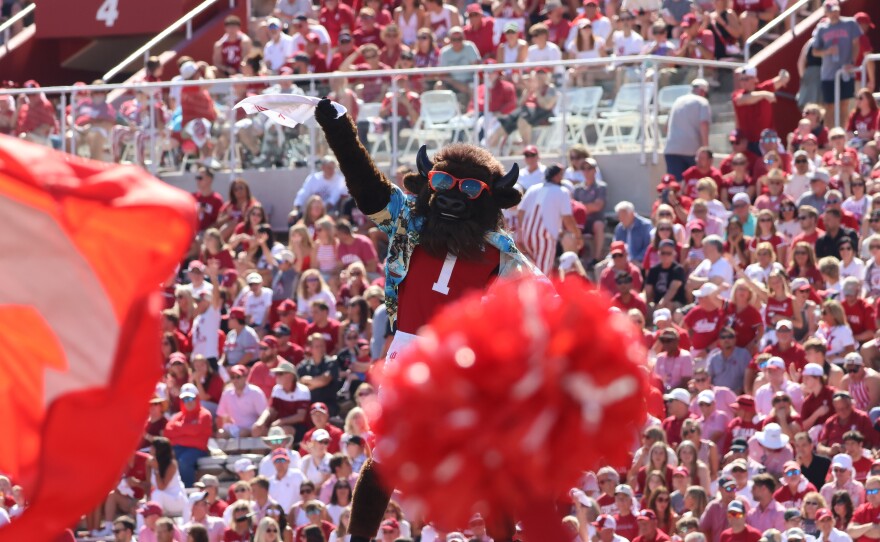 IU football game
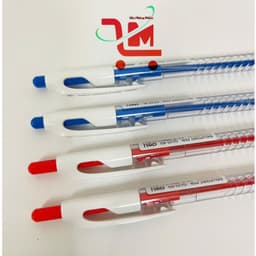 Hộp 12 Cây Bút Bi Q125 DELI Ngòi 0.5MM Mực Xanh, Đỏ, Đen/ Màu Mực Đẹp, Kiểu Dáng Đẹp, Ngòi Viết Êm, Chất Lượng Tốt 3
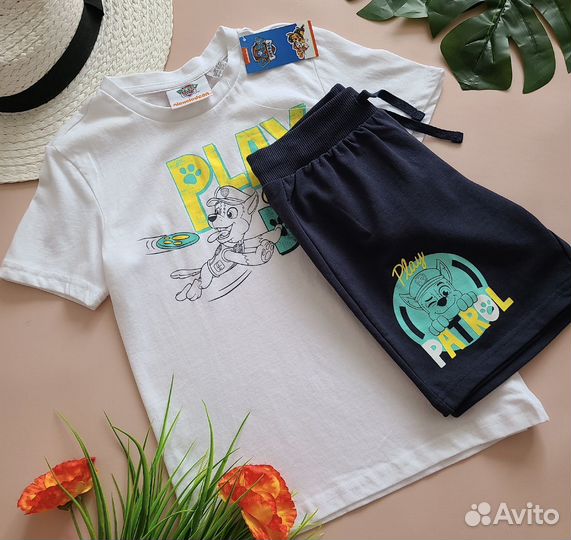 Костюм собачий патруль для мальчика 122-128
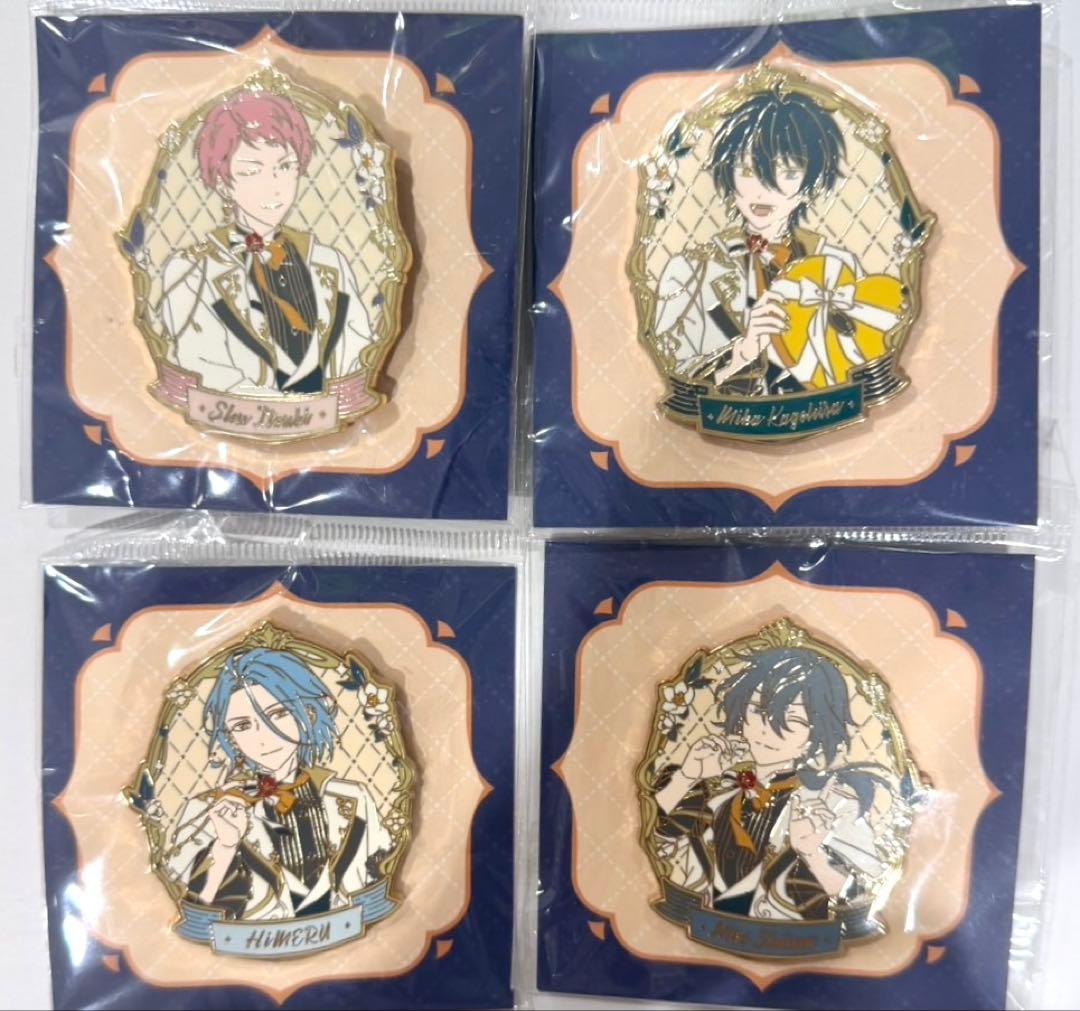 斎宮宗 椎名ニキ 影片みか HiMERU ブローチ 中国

#### [WORK ITEM]
Could you output the lines above exactly, with no pictures included?

#### [SOLUTION FOR THIS EXERCISE]
 IU football game
 Hộp 12 Cây Bút Bi Q125 DELI Ngòi 0.5MM Mực Xanh, Đỏ, Đen/ Màu Mực Đẹp, Kiểu Dáng Đẹp, Ngòi Viết Êm, Chất Lượng Tốt 3
 Костюм собачий патруль для мальчика 122-128
 斎宮宗 椎名ニキ 影片みか HiMERU ブローチ 中国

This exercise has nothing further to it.